Mov.e revela solução para carregamento dos veículos elétricos


A Mov.e criou uma plataforma para individualizar o consumo do carregamento de veículos elétricos. A startup está à procura de investidores.

Quem hoje tenha um veículo elétrico, um carro, uma moto ou uma bicicleta depara-se com o problema do carregamento. Enquanto alguns veículos permitem retirar e levar a bateria para ser carregada em casa na tomada elétrica, outros não dão essa facilidade ao proprietário, que tem de os carregar na ficha elétrica da garagem do seu prédio ou do edifício onde a sua empresa está instalada. 

A startup criada por três colegas do MBA, que se juntaram para agarrar esta oportunidade de negócio, oferece uma solução low-cost e escalável para o carregamento de todo o tipo de veículos elétricos. Tem a vantagem de usar a atual infraestrutura de rede elétrica e fornecer um serviço de carregamento que otimiza os recursos e satisfaz as necessidades da sociedade de forma sustentável. 

Como tudo começou? O projeto nasceu em dezembro do ano passado, quando Pedro Garcia, José Toscano e Pedro Silva terminaram o Lisbon MBA e foram para o Instituto de Tecnologia de Massachusetts (MIT), nos Estados Unidos, uma das fases deste programa de gestão da Nova School of Business e da Católica-Lisbon School of Business and Economics. 

Quando voltaram do MIT decidiriam trabalhar na área de blockchain (protocolo que permite transações sem intermediário na internet) e criaram uma startup na mobilidade elétrica. Vencem o concurso para entrar no acelerador da Porsche, tendo sido distinguidos por terem identificado uma solução para o problema do carregamento de veículos elétricos e híbridos.

Ao terem sido distinguidos nesta iniciativa promovida pela Singularity University, em parceria com a Universidade Nova School of Business & Economics, a Câmara Municipal de Cascais e o hub de inovação Beta-i, acedem a uma oportunidade única de integrarem a equipa da Singularity University. Pedro Corte Garcia, cofundador da Mov.e, foi em representação de todos os fundadores e esteve sete semanas no centro de investigação da NASA, em Silicon Valley, nos EUA, regressando a meio de maio de 2018. Muita coisa mudou e Pedro traz uma nova forma de pensar no negócio. “Nos EUA, depois de falar com pessoas do setor automóvel e com investidores de startups de utilities, mudamos para algo diferente.” Desde então apostam na criação de uma plataforma digital e um dispositivo para detentores de veículos elétricos com muita utilidade em condomínios de edifícios habitacionais, hoteleiros e comerciais. 

O problema que a sua solução vem atacar é muito claro hoje, numa altura em que os proprietários de veículos elétricos são uma minoria: quem paga os consumos de eletricidade daqueles que têm veículos elétricos e os carregam, por exemplo, na garagem do seu prédio? Hoje, esse consumo é pago por todos os condôminos porque não há forma de os individualizar. Com o aumento do número de veículos deste tipo, a questão que se põe é como atribuir esse custo à pessoa que realmente usou a eletricidade.
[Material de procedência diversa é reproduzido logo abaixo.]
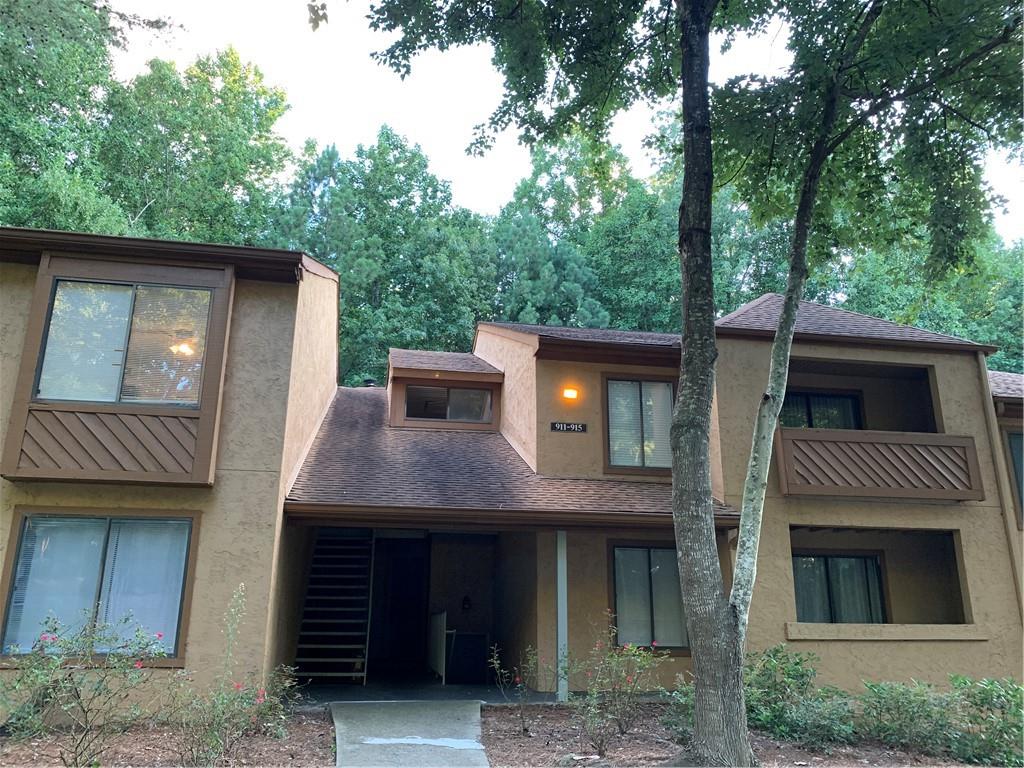 913 Seasons Parkway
É aqui que entra a plataforma e o equipamento da Mov.e porque permite saber quem fez o carregamento e que custo teve. “Quisemos criar um produto muito barato e fácil de instalar por qualquer pessoa. A nossa visão é que o futuro do carregamento do veículo elétrico não será o rápido, mas sim o lento”, destaca Pedro Garcia. É que, segundo defende, ao contrário do carregamento lento, “o carregamento rápido obriga a uma dispendiosa instalação de infraestrutura; são valores muito altos”. Como funciona? 

A Mov.e instala o seu equipamento no condomínio de um prédio, num centro comercial ou num hotel, por exemplo. Cada equipamento tem várias tomadas, onde várias pessoas podem abastecer. Este está preparado para carregar todo o tipo de veículo elétrico, tanto 100% elétricos como os híbridos, no caso de se alimentarem tanto de eletricidade como de combustível. 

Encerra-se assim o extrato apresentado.